◆ Your task:
Could you transcribe every record below exactly, leaving out the pictures?

Collected data entries
Content starts
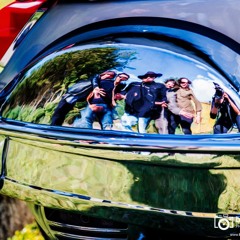 Never Be Alone (Demo)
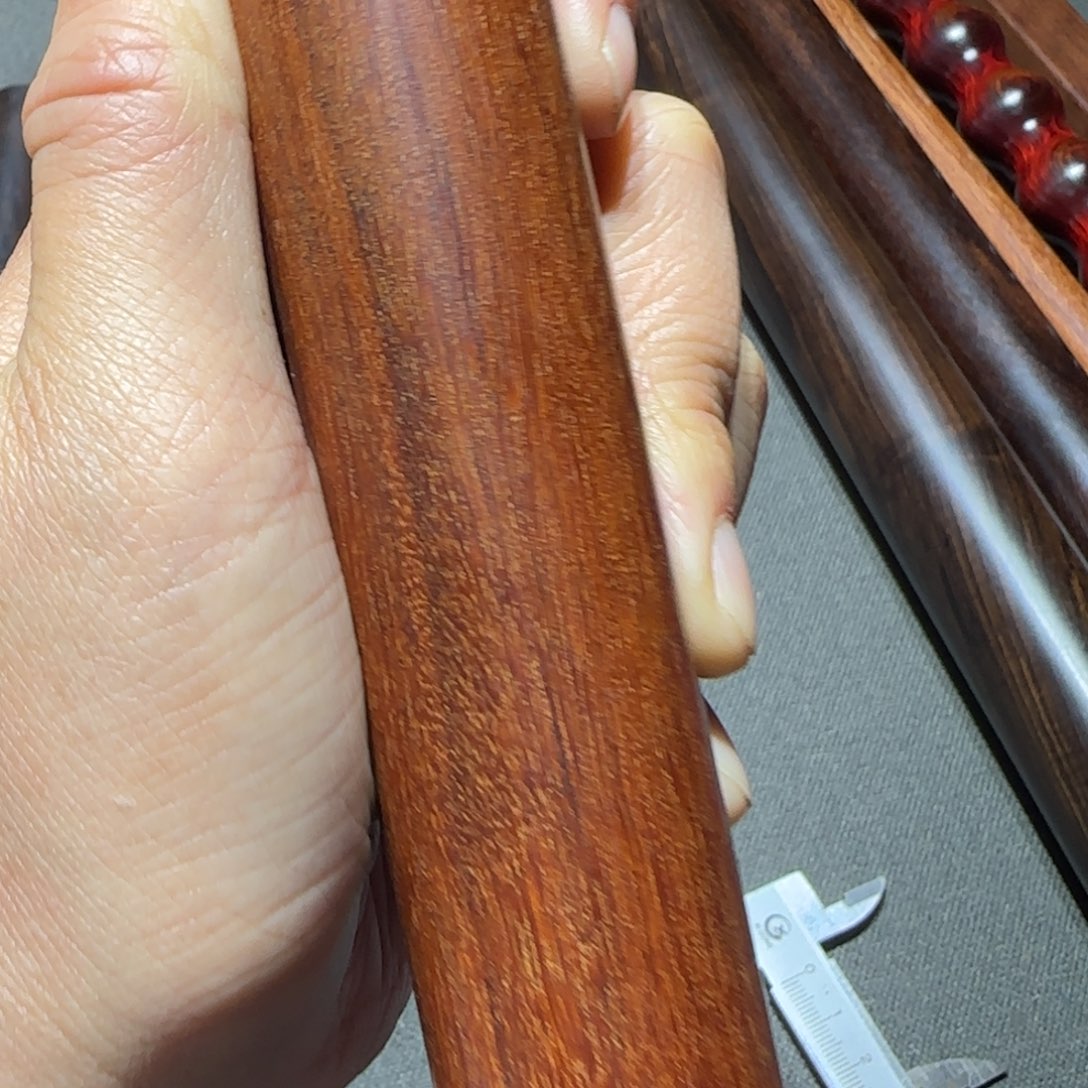 闫***春直径3长113厘米左右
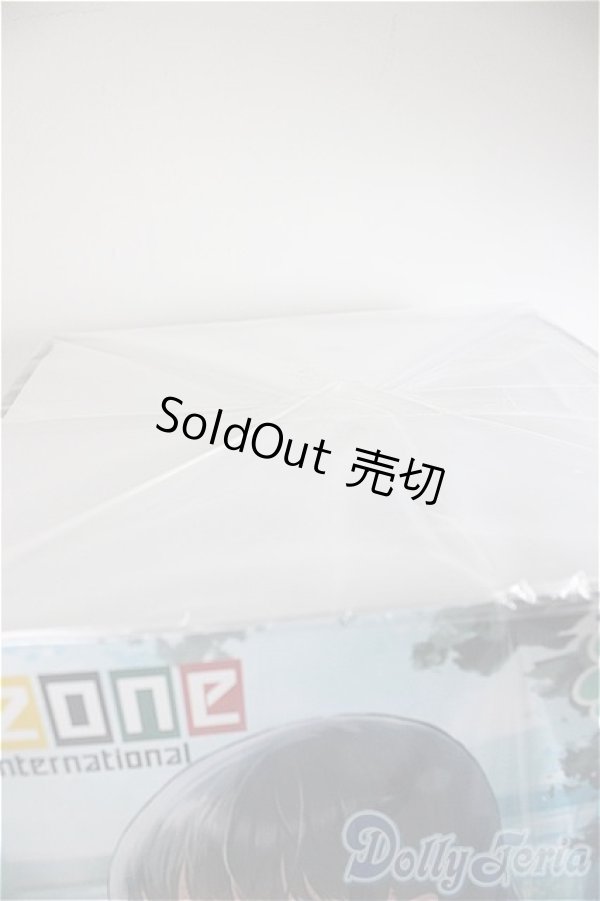 画像4: azone 和遥キナ学校制服コレクション／まひろ（きらめく青春の1ページver．）/0 A-25-05-28-104-NY-ZA (4)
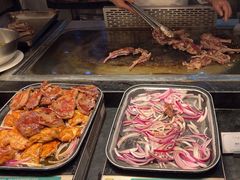 -安蒂娅·海鲜自助餐厅(安蒂娅美兰酒店)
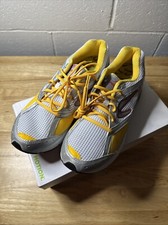 MENS NEWTON RUNNING SHOES SIZE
Content ends
◆ Output of the task:
 Never Be Alone (Demo)
 闫***春直径3长113厘米左右
 画像4: azone 和遥キナ学校制服コレクション／まひろ（きらめく青春の1ページver．）/0 A-25-05-28-104-NY-ZA (4)
 -安蒂娅·海鲜自助餐厅(安蒂娅美兰酒店)
 MENS NEWTON RUNNING SHOES SIZE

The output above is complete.